For a small first pilot, download only one subject’s epoch file and detailed events file from OpenNeuro ds005811. The openneuro-py client supports include filters, which avoids downloading the full dataset snapshot:

python -m pip install openneuro-py

openneuro-py download \
  --dataset=ds005811 \
  --target-dir=data/openneuro_ds005811_sub01 \
  --include="derivatives/preprocessed/epochs/sub-01_eeg_epo.fif" \
  --include="derivatives/detailed_events/sub-01_events.csv" \
  --max-concurrent-downloads=2 \
  --metadata-timeout=60

Then stage the files under the local layout expected by benchmarks/nod_animate_sub01.csv:

mkdir -p data/nod
cp data/openneuro_ds005811_sub01/derivatives/preprocessed/epochs/sub-01_eeg_epo.fif \
  data/nod/sub-01_epo.fif
cp data/openneuro_ds005811_sub01/derivatives/detailed_events/sub-01_events.csv \
  data/nod/sub-01_events.csv

On Windows PowerShell, the staging commands are:

New-Item -ItemType Directory -Force -Path data\nod
Copy-Item data\openneuro_ds005811_sub01\derivatives\preprocessed\epochs\sub-01_eeg_epo.fif `
  data\nod\sub-01_epo.fif
Copy-Item data\openneuro_ds005811_sub01\derivatives\detailed_events\sub-01_events.csv `
  data\nod\sub-01_events.csv

The expected staged file sizes for the sub-01 pilot are about 215 MB for the epoch file and less than 1 MB for the events CSV.

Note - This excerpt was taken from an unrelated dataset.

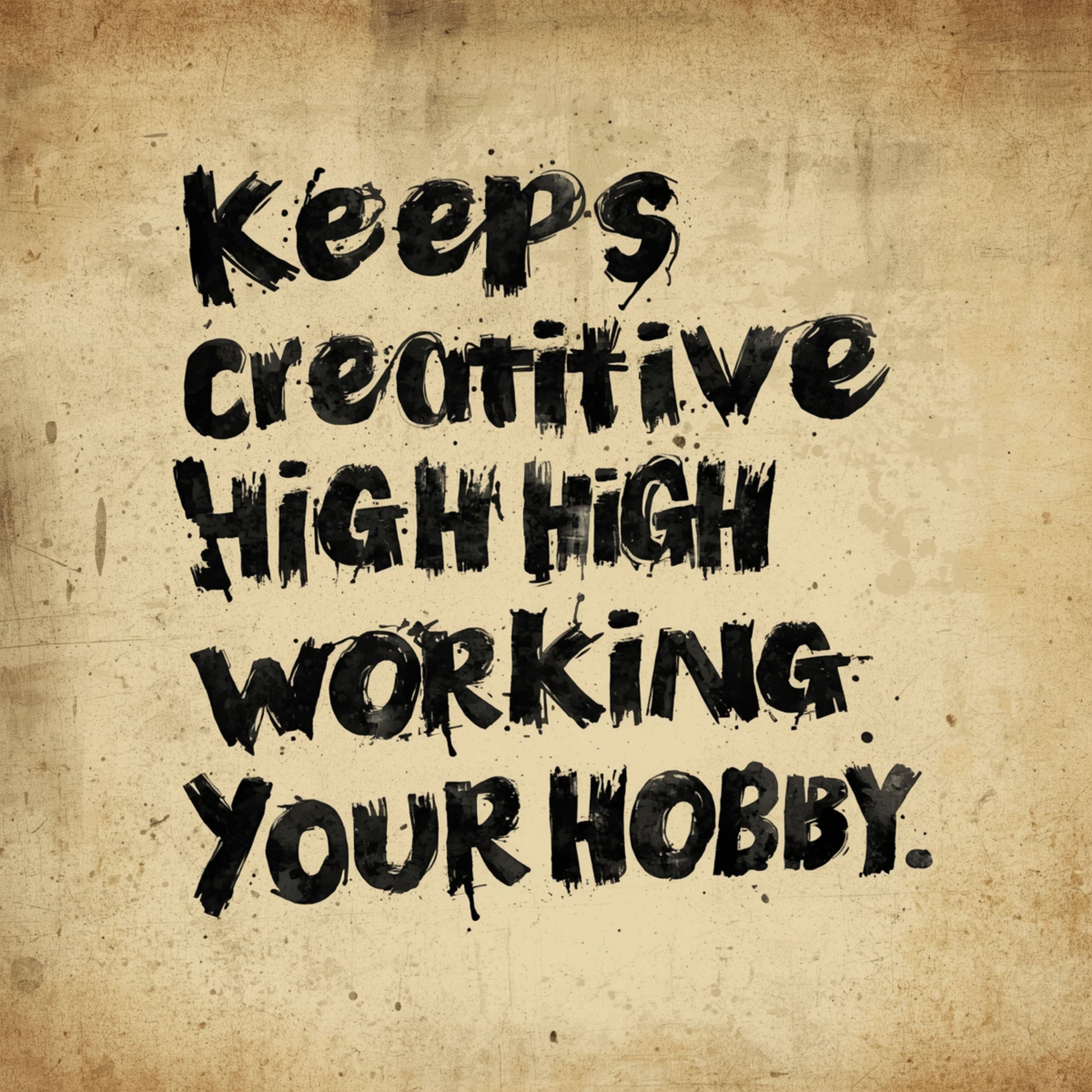 Vintage quote canvas schilderij met de tekst "Keeps Creative High High Working Your Hobby" in zwarte letters op verweerde beige achtergrond — hobbyruimte wanddecoratie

For a 5-subject pilot, the same commands can be repeated in a loop:

for sid in 01 02 03 04 05; do
  openneuro-py download \
    --dataset=ds005811 \
    --target-dir="data/openneuro_ds005811_sub${sid}" \
    --include="derivatives/preprocessed/epochs/sub-${sid}_eeg_epo.fif" \
    --include="derivatives/detailed_events/sub-${sid}_events.csv" \
    --max-concurrent-downloads=2 \
    --metadata-timeout=60

  mkdir -p data/nod
  cp "data/openneuro_ds005811_sub${sid}/derivatives/preprocessed/epochs/sub-${sid}_eeg_epo.fif" \
    "data/nod/sub-${sid}_epo.fif"
  cp "data/openneuro_ds005811_sub${sid}/derivatives/detailed_events/sub-${sid}_events.csv" \
    "data/nod/sub-${sid}_events.csv"
done

PowerShell equivalent:

foreach ($sid in 1..5) {
  $s = "{0:D2}" -f $sid
  & openneuro-py download `
    --dataset=ds005811 `
    --target-dir="data/openneuro_ds005811_sub$s" `
    --include="derivatives/preprocessed/epochs/sub-$s`_eeg_epo.fif" `
    --include="derivatives/detailed_events/sub-$s`_events.csv" `
    --max-concurrent-downloads=2 `
    --metadata-timeout=60

  New-Item -ItemType Directory -Force -Path data\nod | Out-Null
  Copy-Item "data\openneuro_ds005811_sub$s\derivatives\preprocessed\epochs\sub-$s`_eeg_epo.fif" `
    "data\nod\sub-$s`_epo.fif"
  Copy-Item "data\openneuro_ds005811_sub$s\derivatives\detailed_events\sub-$s`_events.csv" `
    "data\nod\sub-$s`_events.csv"
}

The available NOD-EEG preprocessed epoch subjects are:

sub-01 sub-02 sub-03 sub-04 sub-05 sub-06 sub-07 sub-08 sub-09
sub-10 sub-11 sub-12 sub-13 sub-14 sub-24 sub-26 sub-27 sub-29 sub-30

After staging those 19 subjects, the expected data/nod/ footprint is about 3 GB: the first nine epoch files are about 215 MB each, and the remaining ten epoch files are about 108 MB each.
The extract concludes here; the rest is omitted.